|Weston Morris, artist|
Eccentric Chicago artist Weston Morris unveiled Past, works by Weston Morris at Green Home Chicago February 6th. The colorful results can be seen as a exhilarating collaboration of time and space. Morris' vivid digital works playfully contrast the midcentury modern decor showroom in which they are presented. The "extension of furniture" concept, a theory of art perfecting the pairing of a fine art, furniture and design creates tingly feelings in the viewer, away from staid, blank, white gallery walls. Past features framed digital prints, sculptural objects and a new book based on a long-developed project, 50 Elvis Fans Can Be Wrong.
One can enjoy Past on a purely aesthetic level: vibrant color and contrasts. Muted tones are a hallmark of midcentury modern. Plum, avocado, tomato, and chocolate offer a richness of color without compromising their often subdued stylings. Morris' vivid psychedelia in deep red, green and blue hues trips, if not rips, through time and makes his palette pop off of the walls. Black and white photography, the oft-embedded elements of Morris' digitally manipulated works highlight a core contrast within a multitude of contrasts available with his new media art.

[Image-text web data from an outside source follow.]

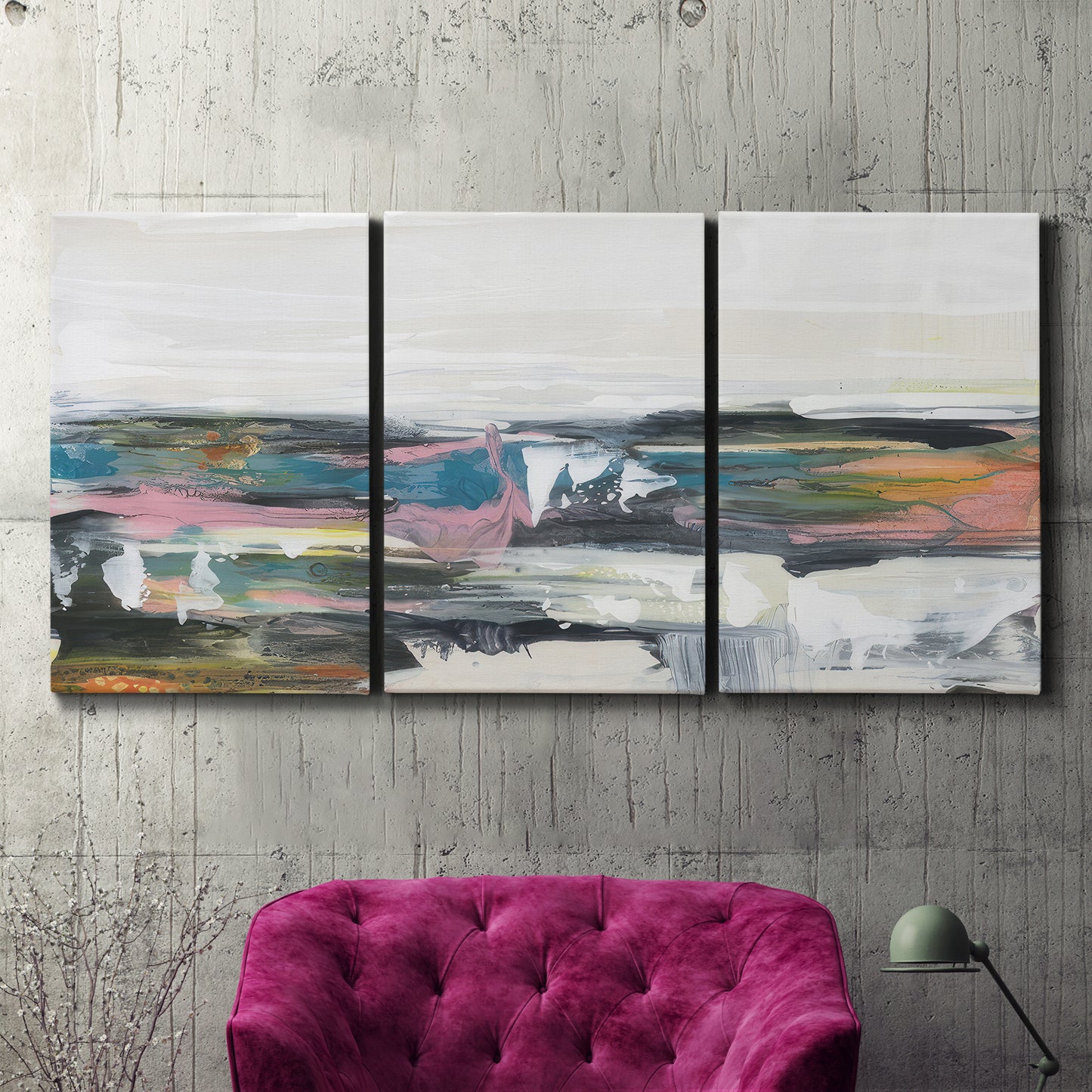Three-panel canvas wall art featuring cheerful abstract coastal seascape, displayed in a living room above a suede accent chair.
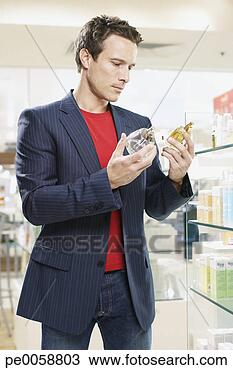 Stock Photo - man testing cologne 
in store. fotosearch 
- search stock 
photos, pictures, 
images, and photo 
clipart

The content of Past as a retrospective of Morris art oeuvre, framed by the space in a trendy yet timeless contextualization of art at midcentury America and beyond. Morris works are whimsical, exhibiting a child-like wonderment at pop culture and games. Morris riffs on Elvis in his new book, 50 Elvis Fans Can Be Wrong. I wished the book itself was more visible as there was only one copy available at the retail location, but it is has been thoughtfully made available for purchase online. The original Polaroids that support the volume are present, but the bound photographic essay is an improvement. 50 Elvis Fans Can Be Wrong fuses the complexity of Joseph Beuys' "Everyone is an Artist" meme with Elvis' superstardom. It moves the context of Andy Warhol's Marilyn series into the crowdsourced internet age. While Morris' works put the celebration and whimsy back in celebrity, they are grounded in the seriousness of mid century modern: clean lines, international style, eco-minimalism, earthy, and practical home decor that contrasts nicely and contextualize the works on display.